Here are some tips for your significant others that will be helpful to them in helping you:
- You should be available as a full time caregiver for at least 48 hours to help the patients with the tasks that are normally taken for granted, like being able to walk to the bathroom.
- You, or someone, should care for the patient’s children for a minimum of one week, and be sure that she has assistance in lifting young children for several days after your surgery.
- Help with pet care. Someone should walk them, feed them and clean up after them for at least several days. Make sure that pets don’t come into contact with any facial wounds because they can cause severe infection.
- Prepare to help the patient address the swelling that she will experience, according to her physician’s instructions. This may include ice packs or cold compresses specifically designed for eyelid and facial surgery.
- Know that he or she may experience mood swings, and feel like crying off and on – especially in the first couple of weeks. This is a normal aftermath of major surgery.
- Encourage him or her to drink lots of water – to address bloating and to keep her hydrated.
- Remind the patient to not fight the pain – to go with the flow, and take her medications as directed. It is not good to try and be a hero!
- Give lots of compliments. She may be fearful because it will take some time before her eyes and face appear as they should.
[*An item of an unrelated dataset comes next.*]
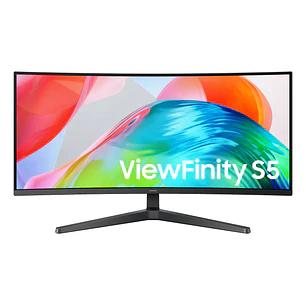 Samsung ViewFinity S5 S55GH LS34H550GALXZS, Monitor Curvo 34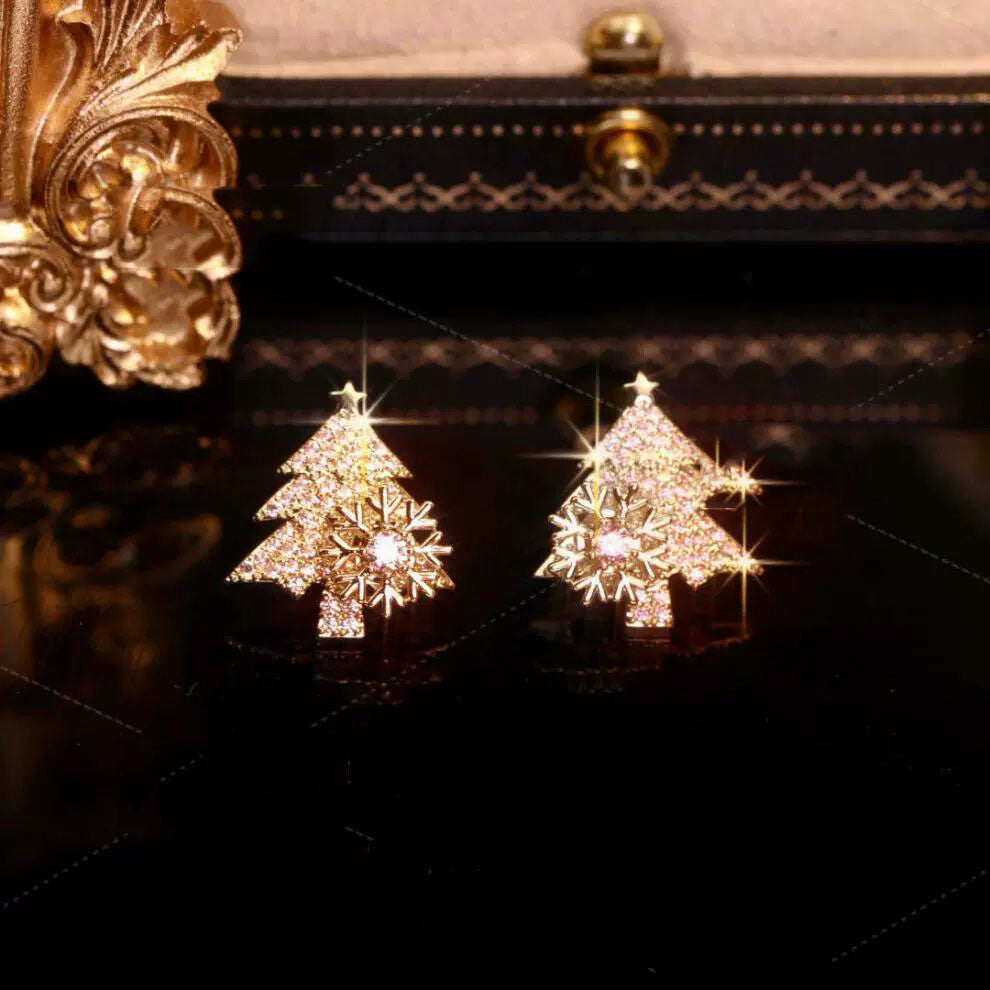 BowLift | 🎄Rotatable Christmas Tree Earrings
She has a lot of healing to do!
- Prepare simple and easily digestible foods, such as scrambled eggs or Jello.
- Remind her to sleep on her back for the first week!
- Be there when she goes to have her bandages removed, to support her through any discomfort she may be feeling.
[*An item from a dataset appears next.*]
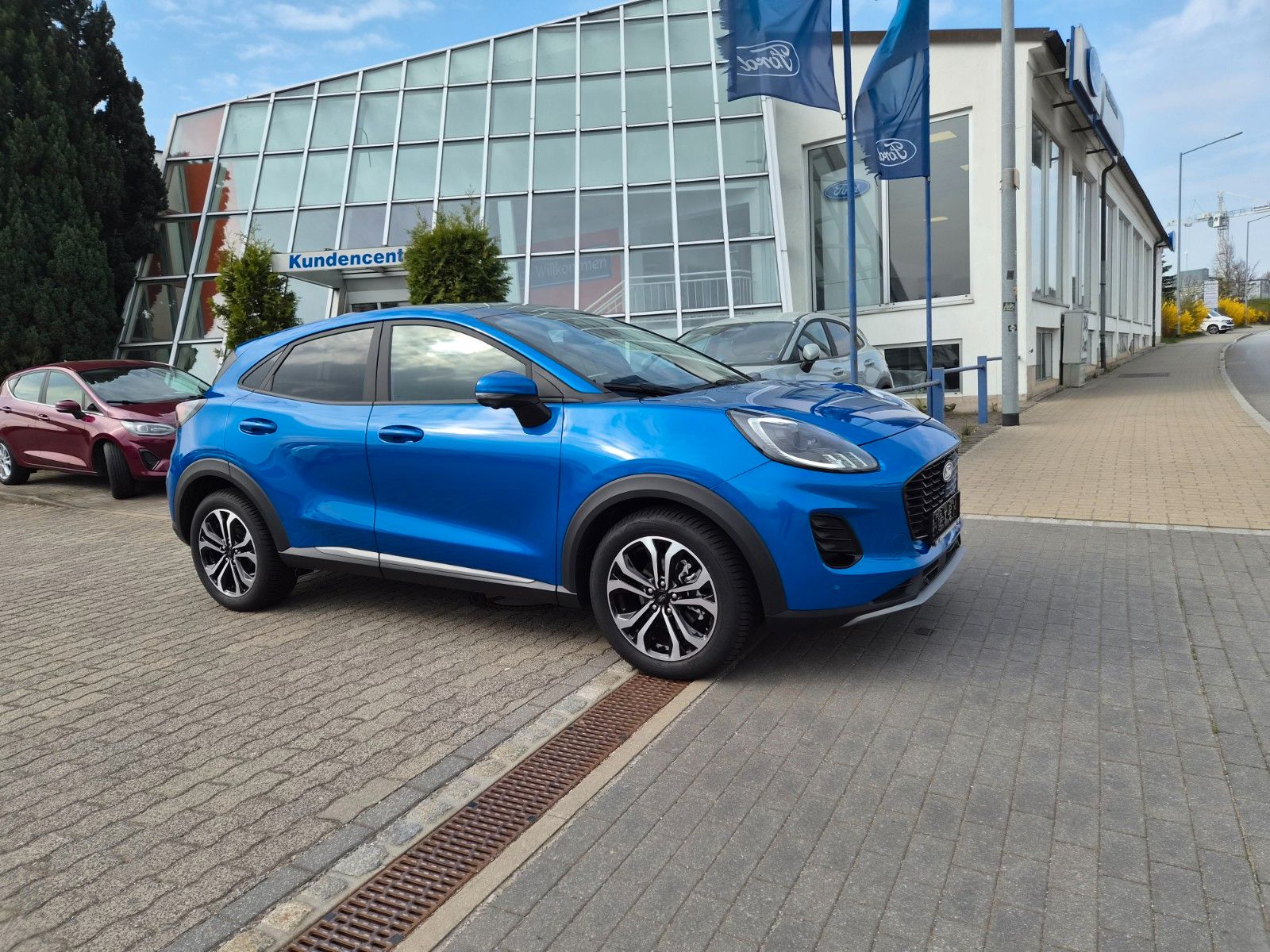 Ford Puma Titanium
- As far as sex is concerned, let the patient take the initiative.
- Some patients feel scared that they might harm their face if it is touched or manipulated after surgery. Have them ask their doctor about this and get some reassurance.
- Some patients feel depressed or regretful about having undergone facial rejuvenating surgery. Sometimes they don’t know how to handle the attention or questions that a new and refreshed face will bring about. At the same time, significant others can develop uneasy feeling about the fact that you underwent such surgery. It is good to talk about your feelings and to even seek outside help if you can’t resolve some ambiguities.
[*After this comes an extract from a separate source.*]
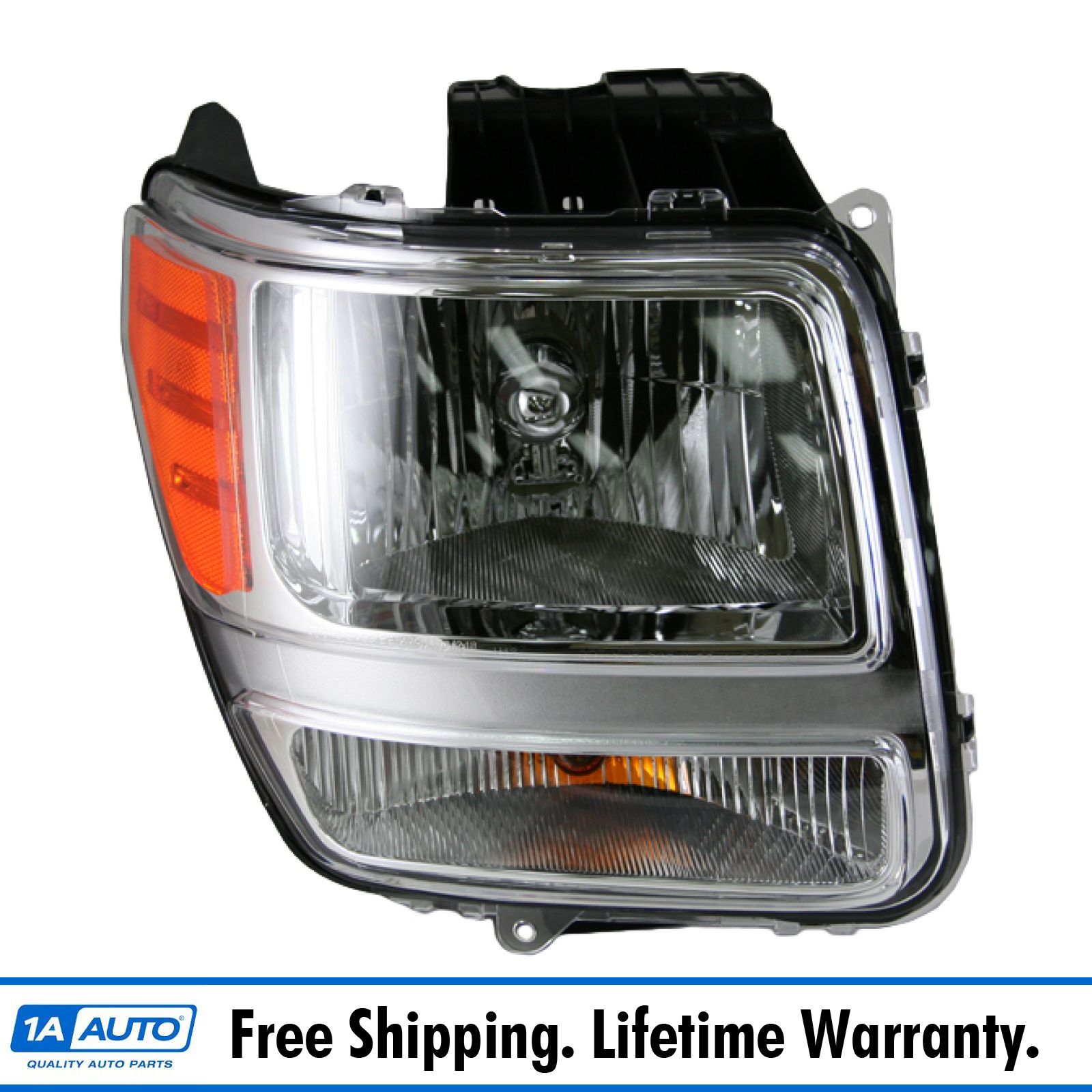 2008 dodge nitro headlight assembly replacement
“I’m exhausted and I’m worried I’ll never feel right again. I’m going to heed my doctor’s warning to relax these first few weeks. But I just want to sleep for a week and wake up looking the way I’m supposed to!” — Jane, age 46
As is true of any major surgery, you may feel some emotional ups and downs following Face Lift/Neck Lift. This is particularly true when you see a face that is bruised and swollen, even though this is normal and will pass. Healing is slow and the results of your surgery may not be apparent for many months. Initially, your face may look and feel distorted, and this may contribute to your conflicted feelings. If your depression does not resolve within a short time, you should discuss this with your physician.
Your face, neck, and eyelids will look bruised, swollen, and even gruesome for about two weeks but this will pass. The incisions may look raised, somewhat red, and tender and itchy for several weeks after surgery as they heal. This can take up to six to twelve months. During the early phase of healing your face is swollen and might appear uneven and asymmetrical. This is because the two sides of the face heal and recover at different rates which can take up to five to ten months to resolve. During this period you can also experience tightness of neck, face, and eyes and dryness of the skin. Some bruises might last longer than one month. Your eye prescription might even change due to the swelling of the eyes.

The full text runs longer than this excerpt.